§ EXERCISE PROMPT: Exclude the pictures and repeat all of the data exactly.

§ DATA SECTION:
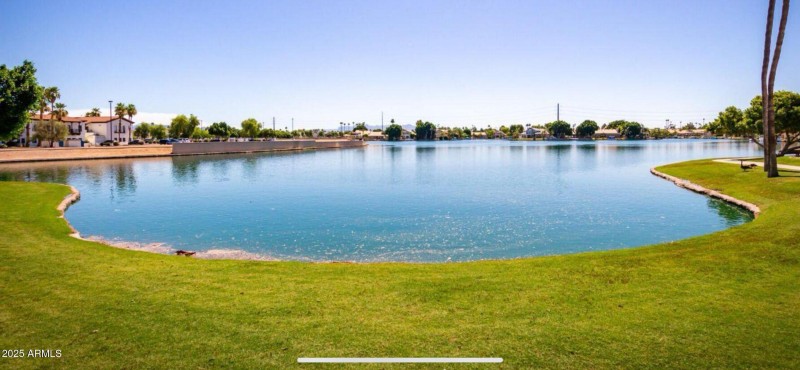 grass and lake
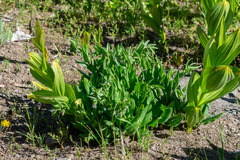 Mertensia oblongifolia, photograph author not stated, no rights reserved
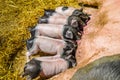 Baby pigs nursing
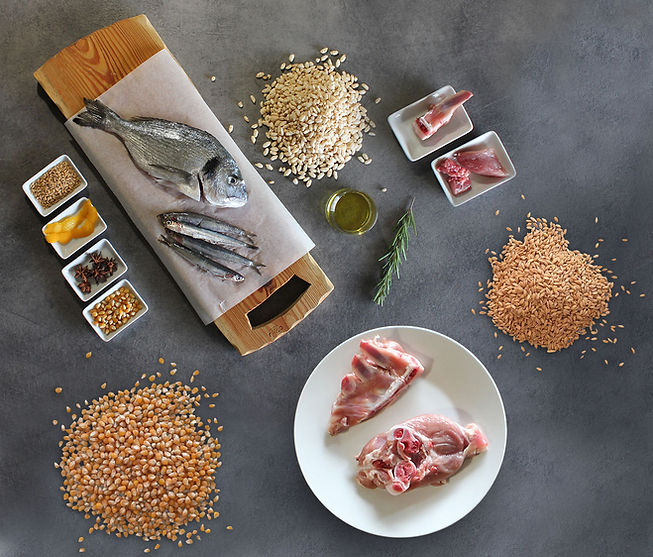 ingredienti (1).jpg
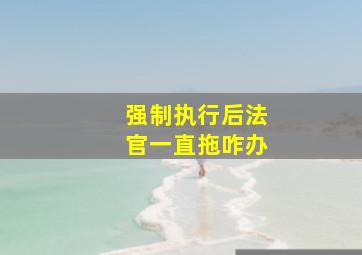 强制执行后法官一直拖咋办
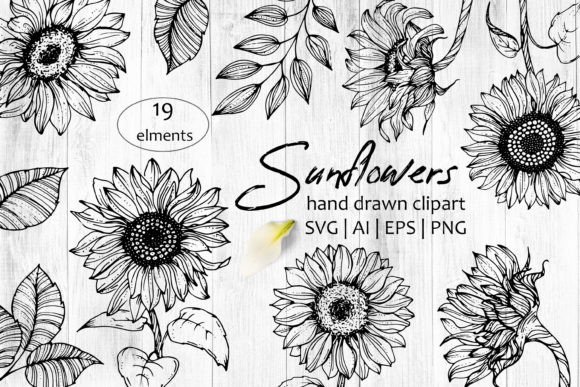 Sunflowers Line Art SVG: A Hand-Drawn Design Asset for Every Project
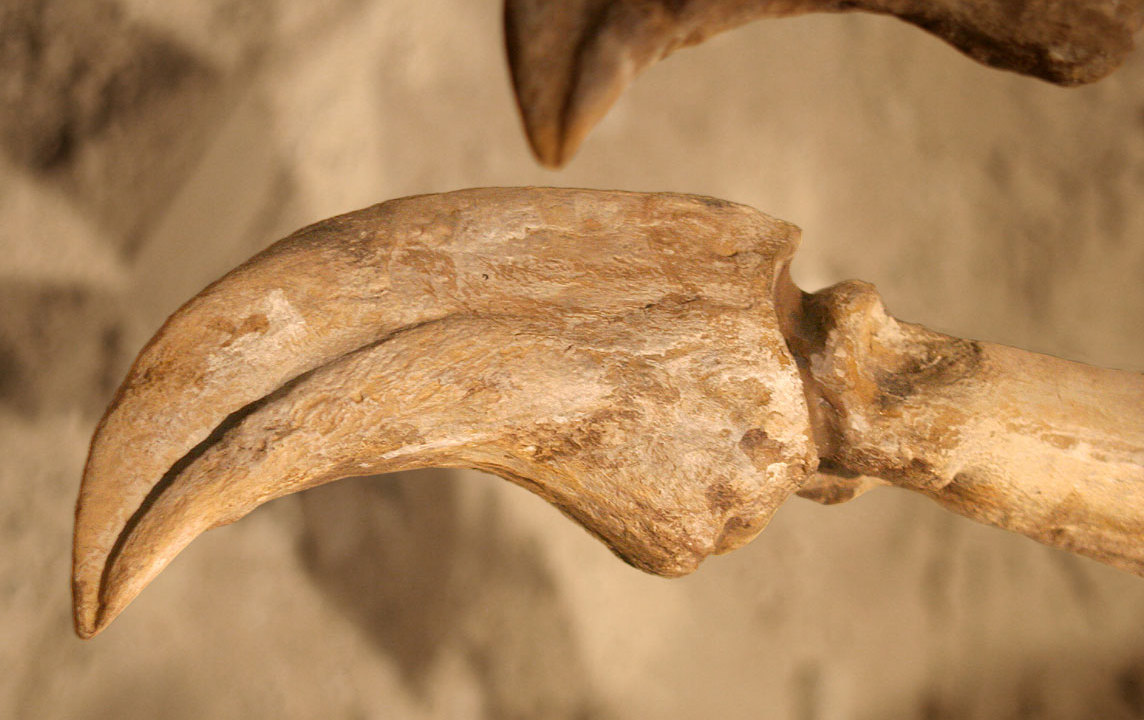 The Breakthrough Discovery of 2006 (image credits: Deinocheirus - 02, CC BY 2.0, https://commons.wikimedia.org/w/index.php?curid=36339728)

§ RESPONSE:
 grass and lake
 Mertensia oblongifolia, photograph author not stated, no rights reserved
 Baby pigs nursing
 ingredienti (1).jpg
 强制执行后法官一直拖咋办
 Sunflowers Line Art SVG: A Hand-Drawn Design Asset for Every Project
 The Breakthrough Discovery of 2006 (image credits: Deinocheirus - 02, CC BY 2.0, https://commons.wikimedia.org/w/index.php?curid=36339728)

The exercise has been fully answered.